What US News ranking system is more useful/reliable?

Pretty much what @insanedreamer said. This is why US News sells so many magazines every year - their ranking scales largely conform to what people are expecting to hear about universities and colleges. US News’ rankings are very reliant on inputs - the perceived quality of the students who go to the school. Bloomberg very clearly laid out their methodology and their criteria are all outputs - where students end up after college, and how they feel about the college once they are already there. Depending on your values, you may value one ranking over the other. Personally I think it’s better to evaluate a university in terms of where it places you in your career than what you looked like when you got there. But that’s just me.

Why do you think that? I’d be interested in your reasoning. (Genuinely.)

Graduate departmental rankings don’t indicate anything about the undergrad alumni network in a specific field. The graduate alumni network may not matter as much, either, if most grad students end up in academia.
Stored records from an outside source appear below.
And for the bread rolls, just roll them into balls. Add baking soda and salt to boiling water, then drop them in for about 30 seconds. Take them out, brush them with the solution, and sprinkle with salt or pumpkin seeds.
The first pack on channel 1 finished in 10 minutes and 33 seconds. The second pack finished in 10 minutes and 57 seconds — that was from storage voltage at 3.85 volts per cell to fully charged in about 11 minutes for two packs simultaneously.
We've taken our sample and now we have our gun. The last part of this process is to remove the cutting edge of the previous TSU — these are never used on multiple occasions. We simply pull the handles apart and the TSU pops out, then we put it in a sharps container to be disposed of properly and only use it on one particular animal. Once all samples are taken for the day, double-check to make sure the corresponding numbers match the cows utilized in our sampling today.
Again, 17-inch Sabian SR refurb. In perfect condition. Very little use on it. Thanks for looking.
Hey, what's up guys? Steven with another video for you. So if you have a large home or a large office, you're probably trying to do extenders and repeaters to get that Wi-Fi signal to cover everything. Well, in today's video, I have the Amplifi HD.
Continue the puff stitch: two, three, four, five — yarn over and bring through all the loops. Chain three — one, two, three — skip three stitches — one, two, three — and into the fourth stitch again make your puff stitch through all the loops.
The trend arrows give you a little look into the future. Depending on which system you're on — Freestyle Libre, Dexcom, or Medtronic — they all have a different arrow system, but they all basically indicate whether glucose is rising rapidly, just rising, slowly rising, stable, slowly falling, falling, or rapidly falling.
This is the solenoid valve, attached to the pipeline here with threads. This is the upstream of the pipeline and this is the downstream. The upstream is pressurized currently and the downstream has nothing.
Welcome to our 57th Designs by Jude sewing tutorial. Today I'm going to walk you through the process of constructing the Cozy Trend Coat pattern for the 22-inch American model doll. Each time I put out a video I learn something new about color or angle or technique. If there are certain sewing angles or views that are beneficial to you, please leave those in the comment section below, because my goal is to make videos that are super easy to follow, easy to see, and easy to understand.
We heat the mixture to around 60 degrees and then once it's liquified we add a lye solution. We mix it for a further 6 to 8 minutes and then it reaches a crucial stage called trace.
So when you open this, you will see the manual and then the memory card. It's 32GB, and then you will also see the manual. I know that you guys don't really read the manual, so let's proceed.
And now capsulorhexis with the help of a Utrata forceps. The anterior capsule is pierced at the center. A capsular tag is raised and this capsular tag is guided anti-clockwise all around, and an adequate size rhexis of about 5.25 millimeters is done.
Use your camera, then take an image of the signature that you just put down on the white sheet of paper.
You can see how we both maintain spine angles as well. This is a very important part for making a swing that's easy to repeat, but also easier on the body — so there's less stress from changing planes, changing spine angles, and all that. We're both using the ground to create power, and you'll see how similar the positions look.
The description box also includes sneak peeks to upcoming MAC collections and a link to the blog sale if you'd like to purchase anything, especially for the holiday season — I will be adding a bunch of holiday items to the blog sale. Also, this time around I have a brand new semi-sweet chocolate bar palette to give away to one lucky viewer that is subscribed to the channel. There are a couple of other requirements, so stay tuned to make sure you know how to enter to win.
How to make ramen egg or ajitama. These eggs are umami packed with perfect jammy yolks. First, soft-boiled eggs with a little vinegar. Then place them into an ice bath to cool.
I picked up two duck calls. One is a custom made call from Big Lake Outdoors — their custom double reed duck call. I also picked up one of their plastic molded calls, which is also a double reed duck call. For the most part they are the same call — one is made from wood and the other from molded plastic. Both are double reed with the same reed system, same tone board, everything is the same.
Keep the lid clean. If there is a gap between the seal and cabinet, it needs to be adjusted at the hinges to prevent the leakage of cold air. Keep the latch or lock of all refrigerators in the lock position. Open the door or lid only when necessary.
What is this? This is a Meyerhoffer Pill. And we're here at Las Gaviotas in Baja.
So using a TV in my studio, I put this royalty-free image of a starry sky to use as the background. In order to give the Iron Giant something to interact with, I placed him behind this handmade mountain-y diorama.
Graduate departmental rankings do allude to the quality of professors, but the quality is related to the professors’ research output and ability to get grants. That has, in my opinion, a net neutral effect on undergrads. On the one hand, additional grant money flowing into the department increases the resources available and may create paid research positions for undergrads; also, having experts in the field teaching you in class is great. On the other hand, a lot of those hotshot experts only teach graduate seminars (or don’t teach at all!), and more grant funding also means that adjuncts and teaching assistants are hired to replace the professors who are now doing research to sustain their grants. Also, having to concentrate on grant funding means that professors spend less time concentrating on teaching and mentoring. That doesn’t mean that they are bad at it, or don’t care about it - a lot of professors do like it. But it does mean that on average they are far more occupied by their research agendas than teaching undergrads.

In my prestigious graduate department, lower-level introductory classes were taught by adjuncts and lecturers who were hired specifically for that purpose. Mid-level classes (sophomore and junior level) were taught by new assistant professors who were on the tenure-track - great researchers, but early career. Upper-level seminars were taught by new assistant professors and a few of the tenured professors, who sometimes taught one upper-level undergraduate seminar. The real famous experts in the field mostly taught one graduate seminar a year. (There was one very famous professor emeritus who did teach a mixed undergrad-grad class.)

I also think the research opportunities are a net neutral. On the one hand, there’s cutting edge work going on, and undergrads may have the opportunity to work on something really cool! On the other hand, scads of grad students and postdocs mean that undergrads are lower on the pecking order, and the tasks that they do may be more routine than actually fully participatory.

That also doesn’t address the fact that many college students will change their major anyway, or that most of the classes you take are not in your department.

Still, I will revise my original statement. You’re right - it’s not that they’re not important at all. That’s too strong. Rather, I think they should be pretty low priority in any college-bound senior’s criteria for a university.